*HOW TO COMPLETE THIS TASK*
What you write must match, character for character, the lines from the one with "Greetings, Science Maximites." down to the one with "Latest F-250 Air" in the listing below, minus its pictures.

*SUPPLIED MATERIAL*
• • • •

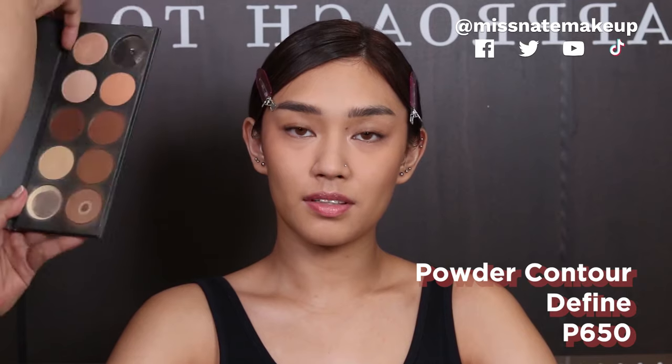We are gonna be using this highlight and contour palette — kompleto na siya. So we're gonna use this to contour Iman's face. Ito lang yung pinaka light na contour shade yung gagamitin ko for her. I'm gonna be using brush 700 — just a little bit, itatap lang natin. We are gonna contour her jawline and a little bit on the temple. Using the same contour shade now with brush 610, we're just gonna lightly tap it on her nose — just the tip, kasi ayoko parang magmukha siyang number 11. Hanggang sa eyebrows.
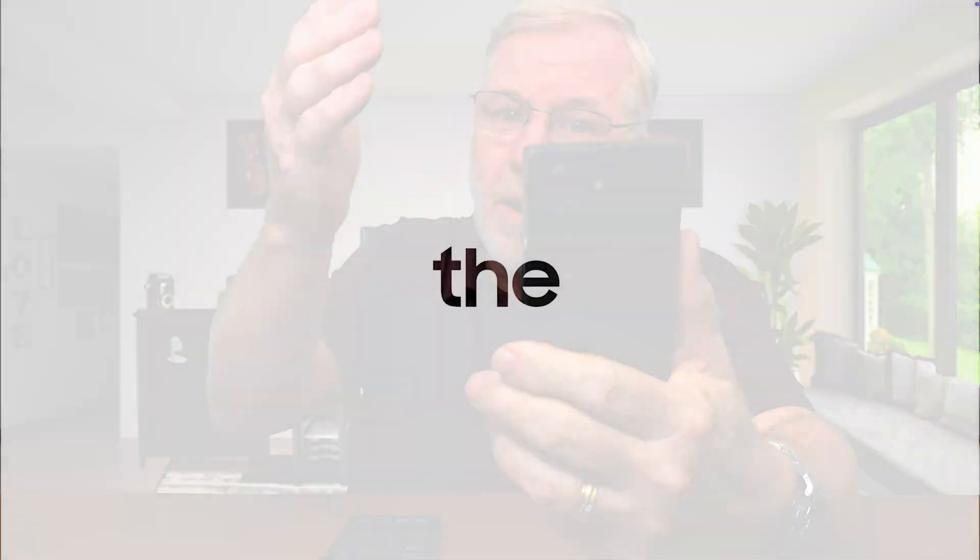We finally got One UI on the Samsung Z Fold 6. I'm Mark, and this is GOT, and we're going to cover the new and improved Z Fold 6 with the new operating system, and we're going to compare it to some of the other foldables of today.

• • • •

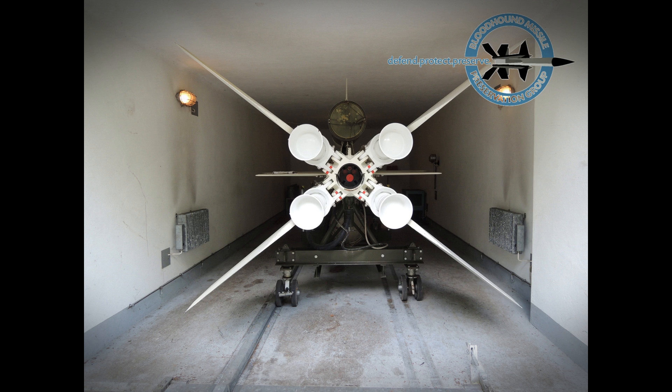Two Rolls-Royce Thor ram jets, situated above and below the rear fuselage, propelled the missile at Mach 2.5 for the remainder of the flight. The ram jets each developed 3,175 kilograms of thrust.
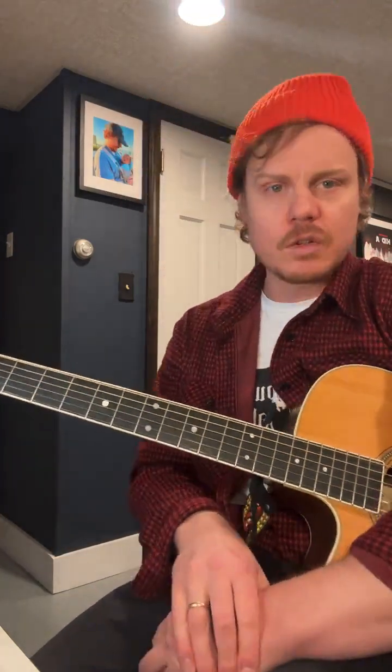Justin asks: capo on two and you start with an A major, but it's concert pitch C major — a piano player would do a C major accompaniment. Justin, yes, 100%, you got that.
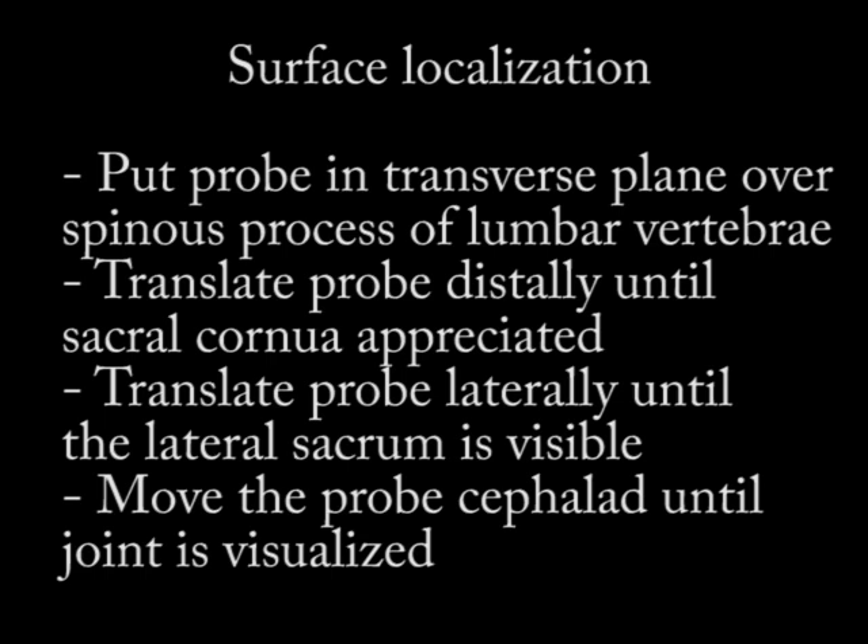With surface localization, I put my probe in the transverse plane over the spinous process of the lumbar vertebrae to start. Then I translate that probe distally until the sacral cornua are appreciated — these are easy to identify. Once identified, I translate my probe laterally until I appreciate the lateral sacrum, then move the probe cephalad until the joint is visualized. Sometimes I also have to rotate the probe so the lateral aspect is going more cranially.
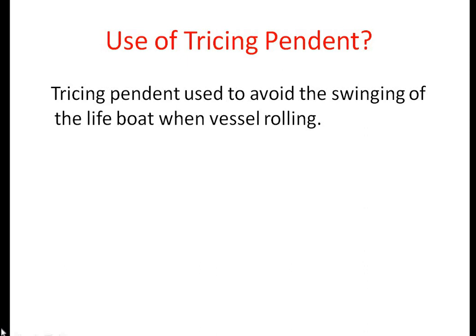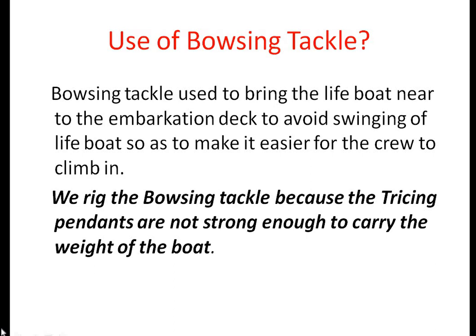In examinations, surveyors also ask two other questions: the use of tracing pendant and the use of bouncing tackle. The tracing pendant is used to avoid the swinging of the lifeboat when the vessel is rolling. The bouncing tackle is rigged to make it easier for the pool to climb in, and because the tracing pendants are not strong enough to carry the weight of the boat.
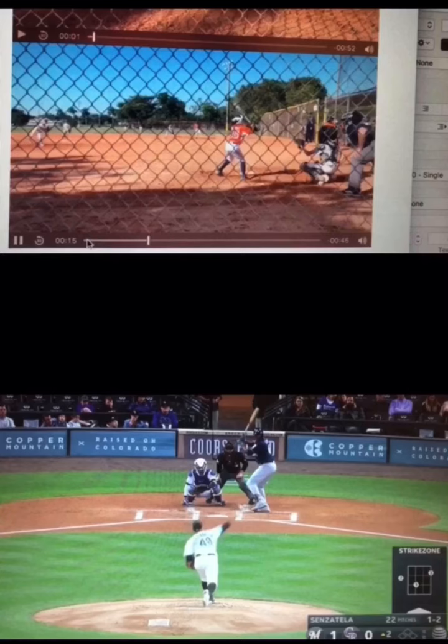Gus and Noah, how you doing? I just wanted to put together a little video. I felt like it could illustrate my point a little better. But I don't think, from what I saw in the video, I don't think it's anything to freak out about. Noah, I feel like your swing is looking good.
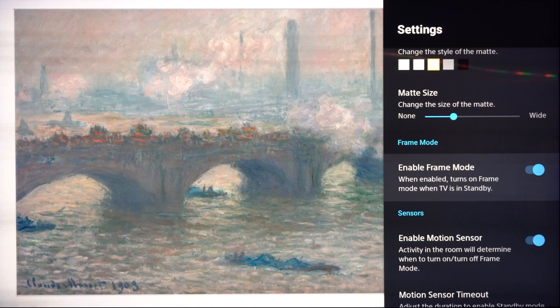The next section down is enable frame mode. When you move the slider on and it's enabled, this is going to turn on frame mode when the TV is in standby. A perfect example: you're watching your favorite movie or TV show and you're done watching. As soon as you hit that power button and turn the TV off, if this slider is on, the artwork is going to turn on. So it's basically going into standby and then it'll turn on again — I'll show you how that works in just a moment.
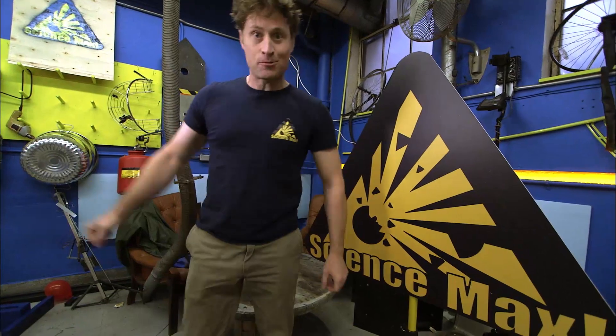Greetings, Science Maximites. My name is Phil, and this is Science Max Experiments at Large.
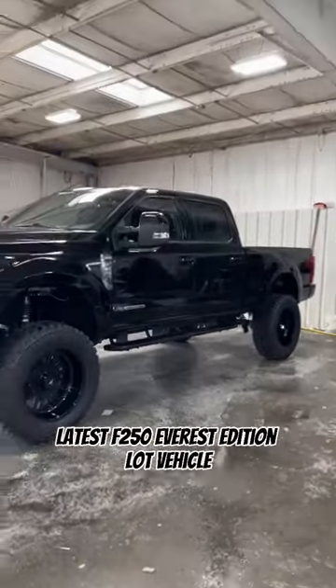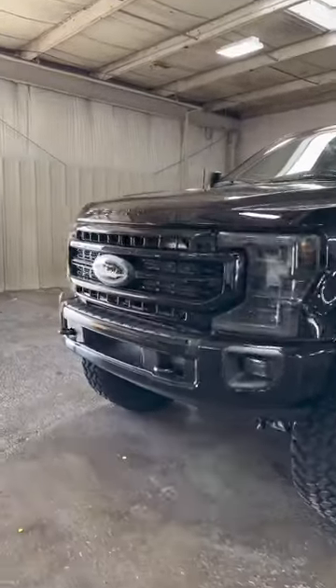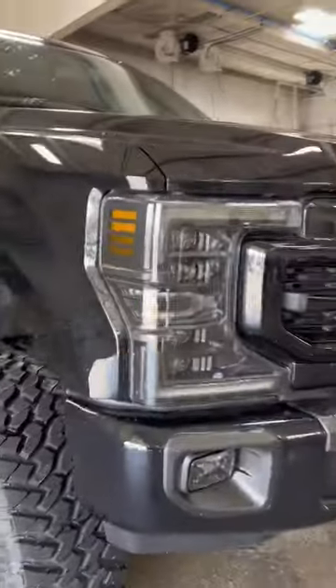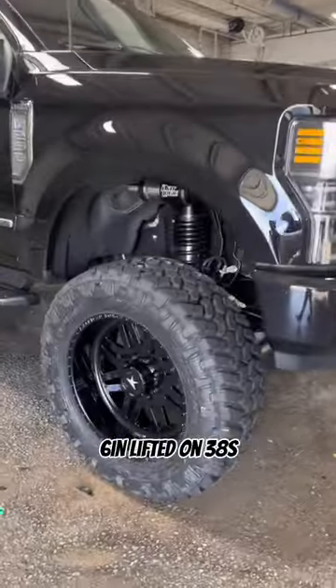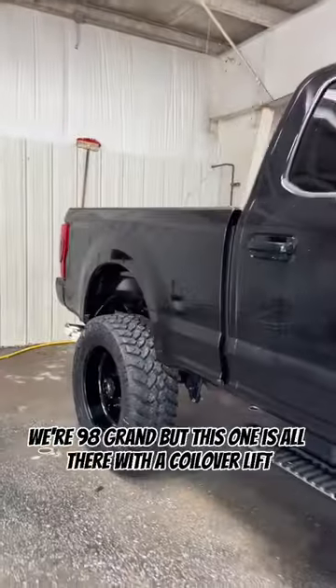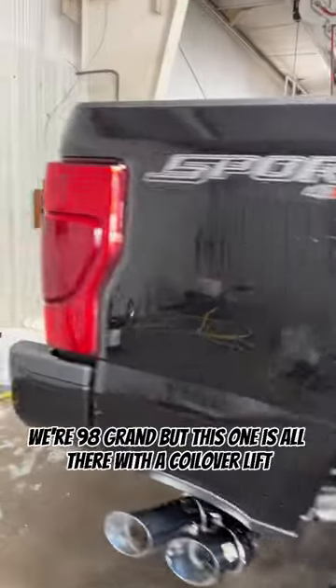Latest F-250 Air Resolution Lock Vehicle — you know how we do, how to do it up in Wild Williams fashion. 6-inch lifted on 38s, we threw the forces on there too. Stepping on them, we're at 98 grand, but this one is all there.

• • • •

*SOLUTION FOR THIS PROBLEM*
Greetings, Science Maximites. My name is Phil, and this is Science Max Experiments at Large.
Latest F-250 Air Resolution Lock Vehicle — you know how we do, how to do it up in Wild Williams fashion. 6-inch lifted on 38s, we threw the forces on there too. Stepping on them, we're at 98 grand, but this one is all there.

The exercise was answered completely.